* [Assignment] Produce word for word the lines of the data below running from the one that has "呆账怎么样恢复征信，征信上呆账还清了就消了吗" to the one that has "揭开中医药循证医学新纪元_第1页", inclusive, and no others.

===== Data for review =====

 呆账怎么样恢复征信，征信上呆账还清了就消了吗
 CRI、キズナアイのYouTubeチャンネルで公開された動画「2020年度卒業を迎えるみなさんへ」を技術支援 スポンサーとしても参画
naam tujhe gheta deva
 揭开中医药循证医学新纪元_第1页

=====
===== Data for review =====

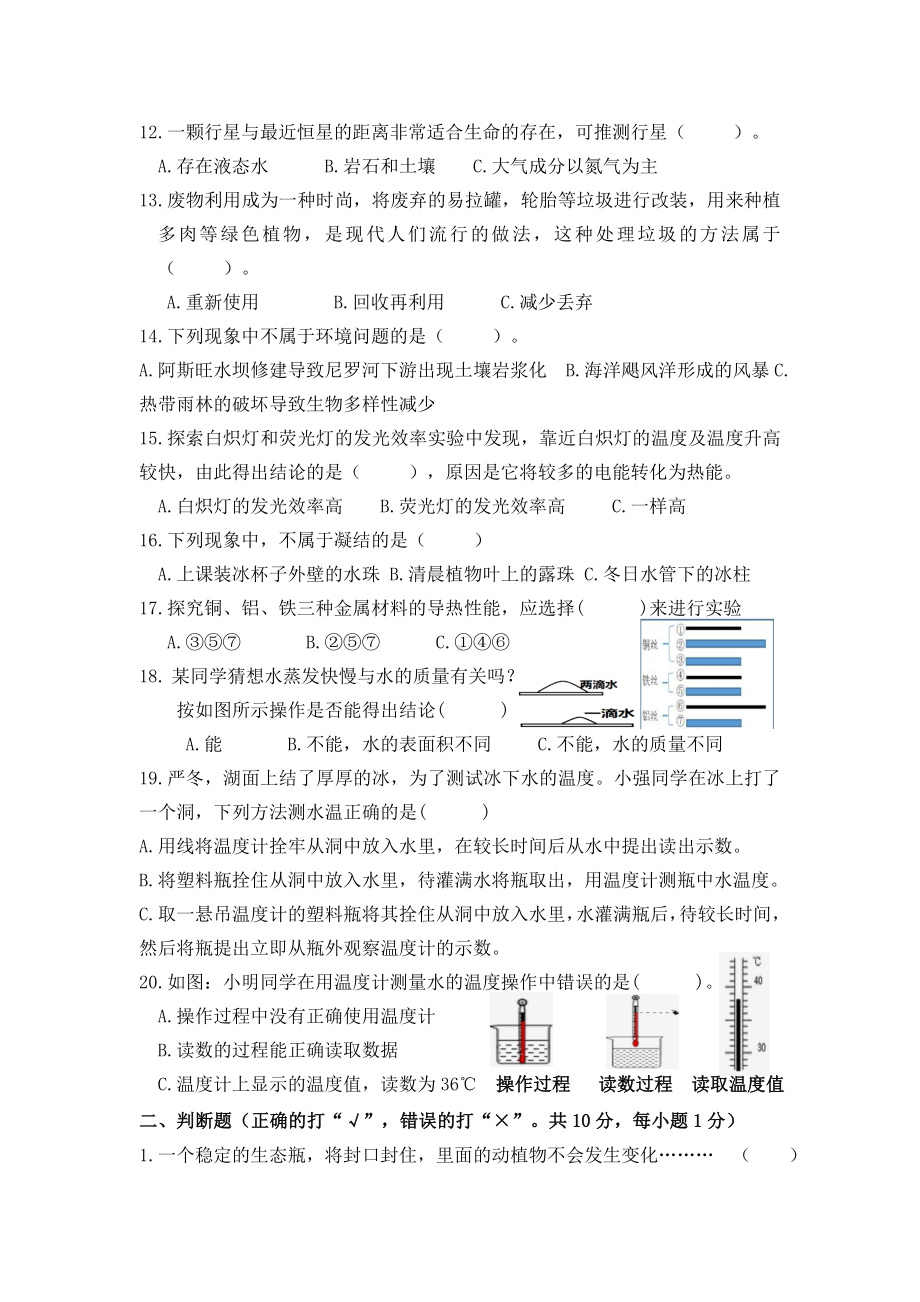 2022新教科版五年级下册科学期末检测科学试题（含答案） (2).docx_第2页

=====

* [Solution]
 呆账怎么样恢复征信，征信上呆账还清了就消了吗
 CRI、キズナアイのYouTubeチャンネルで公開された動画「2020年度卒業を迎えるみなさんへ」を技術支援 スポンサーとしても参画
naam tujhe gheta deva
 揭开中医药循证医学新纪元_第1页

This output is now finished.